Now some GWT specific points, rather than general JVM points: 

   - What do you gain from those permutations? Taking an extreme example, 
   what happens if you collapse the entire application, 48 permutations, into 
   one single super-permutation - how much bigger is the app? How much slower 
   is it? What if you just collapse mobile vs desktop (I'd guess that mobile 
   is smaller than desktop, but smaller enough to matter?), or collapse 
   languages in groups of, say 4-8 - do you add 20% to the total compiled 
   size, or 1%?
   - Do you always need separate permutations? For acceptance testing, you 
   likely want the same build that would go into a production release, but 
   maybe it is okay to add 15 minutes to those build times, but for "does this 
   PR build?" or "post-merge, does main still pass tests?", you might be able 
   to support a subset of values, or just a collapsed set, saving time, but 
   producing somewhat larger output.
   - Any other configuration you've experimented with? As you alluded to, 
   you can split the process up when building permutations via the 
   "gwt.jjs.permutationWorkerFactory" system property. In short, this is 
   customizable to not just decide "all work stays in-process" or "fork 
   another JVM per permutation (and tune memory usage carefully)", but also 
   how many workers come from each source. The default (see 
   PermutationWorkerFactory for specifics) is to run 
   both ThreadedPermutationWorkerFactory for the permutations, then 
   ExternalPermutationWorkerFactory for the next, etc. The -localWorkers 
   option and "gwt.jjs.maxThreads" system property will further control how 
   work is divided. 
   - Javadoc for ExternalPermutationWorkerFactory indicates that it runs 
   CompilePermsServer instances, but the isLocal method still returns true. A 
   custom worker factory can also be written to not just write work to disk 
   and handle it in a forked JVM, but even copy to another machine and 
   communicate with it remotely.

I _suspect_ you won't get too far into the weeds with this before finding a 
happy medium with small-enough compiled output and fast enough 
development/CI builds, but that at least covers where I would get started 
in considering this. Moving locales out of the compiled JS is definitely 
another option (and not too difficult to achieve, at least as long as you 
are focused on Constants rather than Messages), but it can be a bit harder 
to let the compiler be as aggressive about ensuing you keep unused output 
out of browsers.

On Wednesday, January 3, 2024 at 6:29:08 PM UTC-6 Alexander Bertram wrote:

Hi there,
We have been using GWT to build our product for a very long time. Recently, 
we've faced a new challenge as we've steadily been increasing the number of 
supported translations of the application to support a global audience. 
We're up to 24 languages, and could conceivably hit 40 in the coming year.

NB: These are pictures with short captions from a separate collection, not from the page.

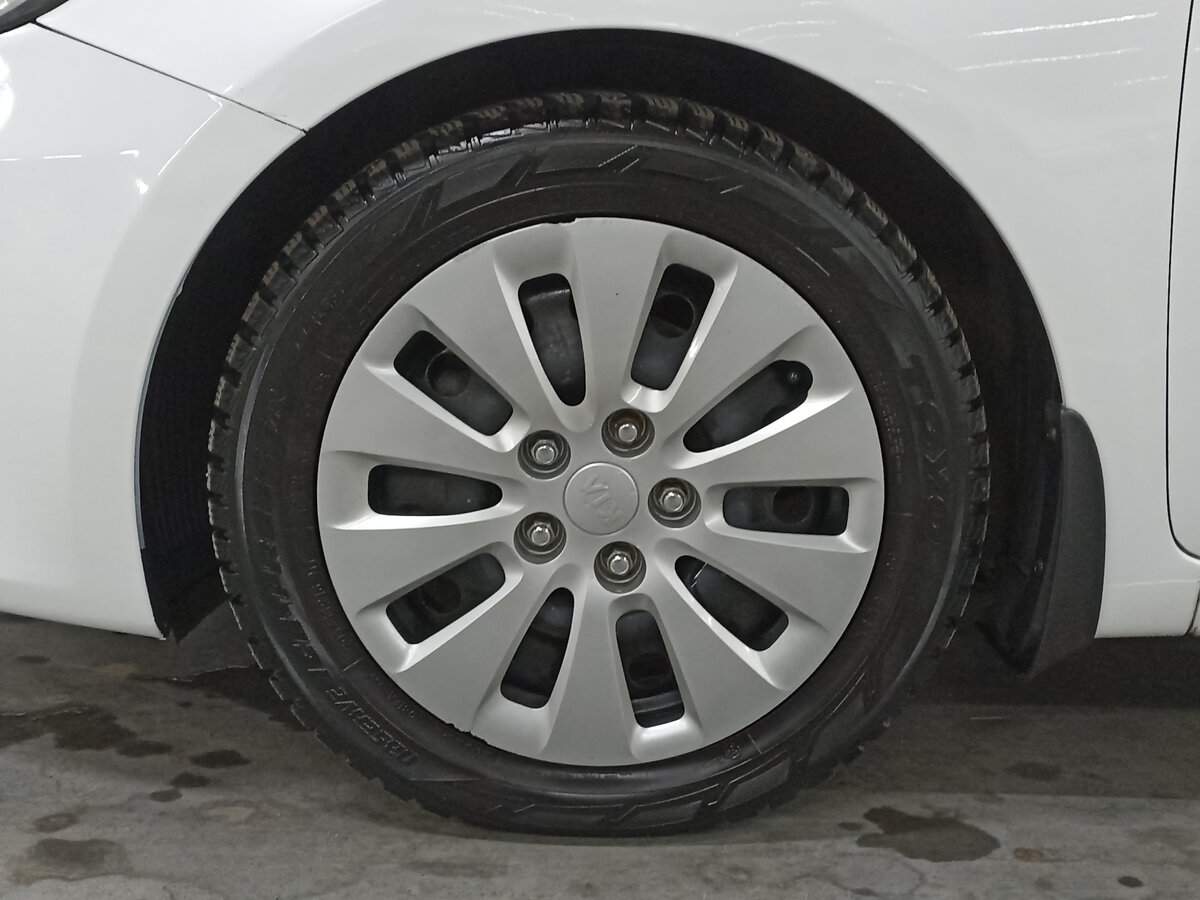 Б/У Киа Сид 2015 года. Фото: #17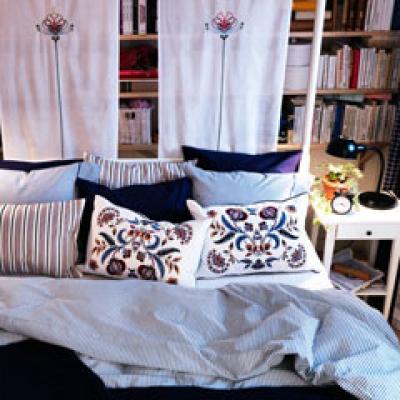 25 de accesorii pentru pat cu model floral 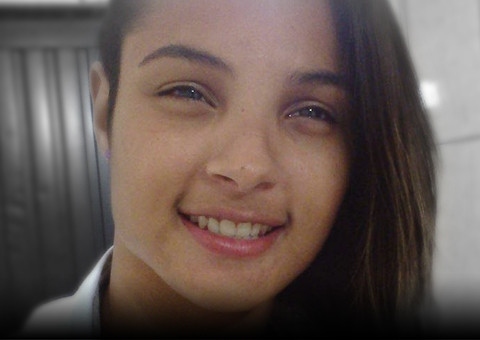 Jovem de 21 anos é encontrada nua e morta em estrada de terra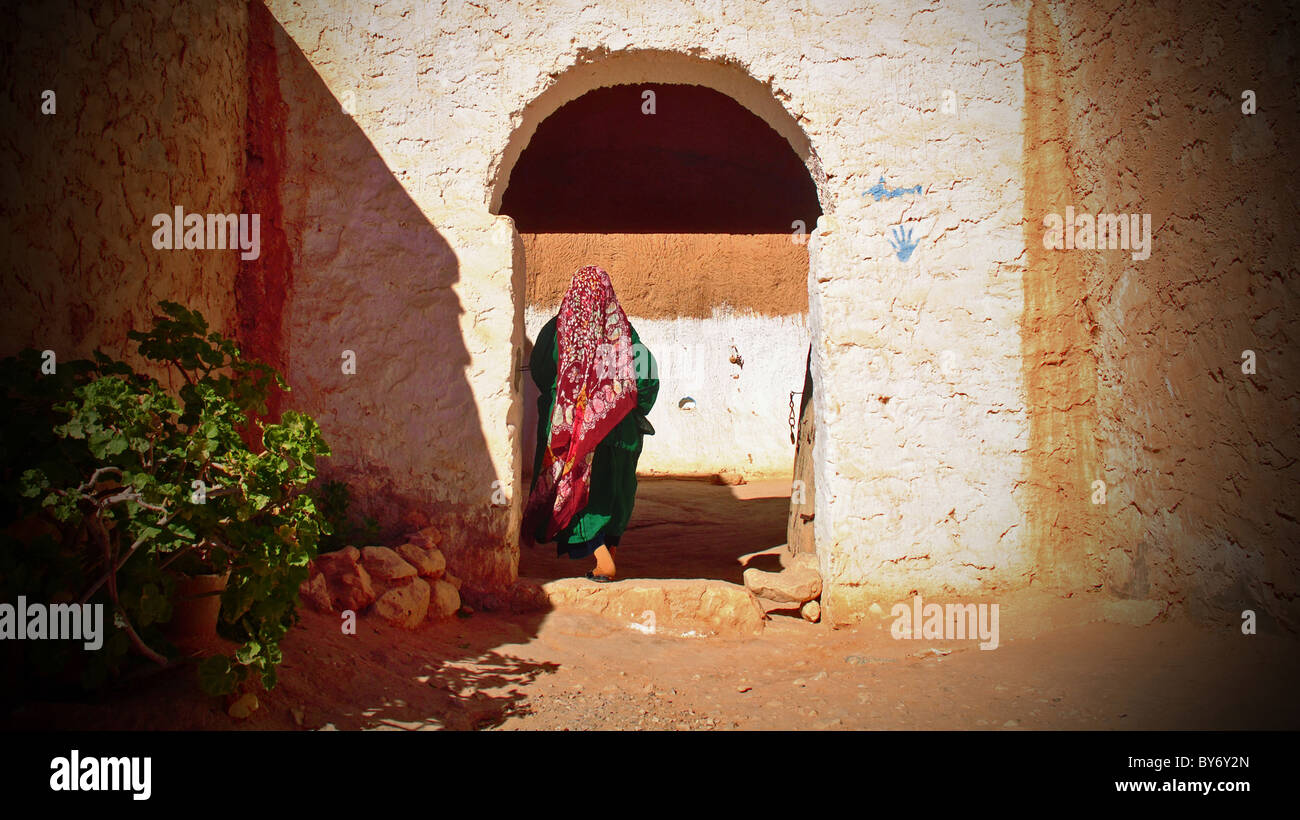 Donna troglodita di entrare ai box-abitazione vicino a matmata, Tunisia Foto Stock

With all of these languages, come more permutations! We've stripped away 
browser-specific permutations, but we do have a mobile version of the app, 
which means that we have 2 x 24 permutations = 48.

So far, we've addressed this problem by increasing the size of the VM that 
builds the app, but even with 16 vCPUs it takes 10-12 minutes to build the 
app. I'm experimenting with increasing to 32 vCPUs, but so far I can't get 
the build time to drop linearly.

Anyone else out there using alternate strategies? Is it worth trying to 
create some sort of distributed cache from the intermediate files the 
compiler writes out? Load translations dynamically at runtime instead? Or 
just through more hardware at it :-)

Just curious to hear what others are doing?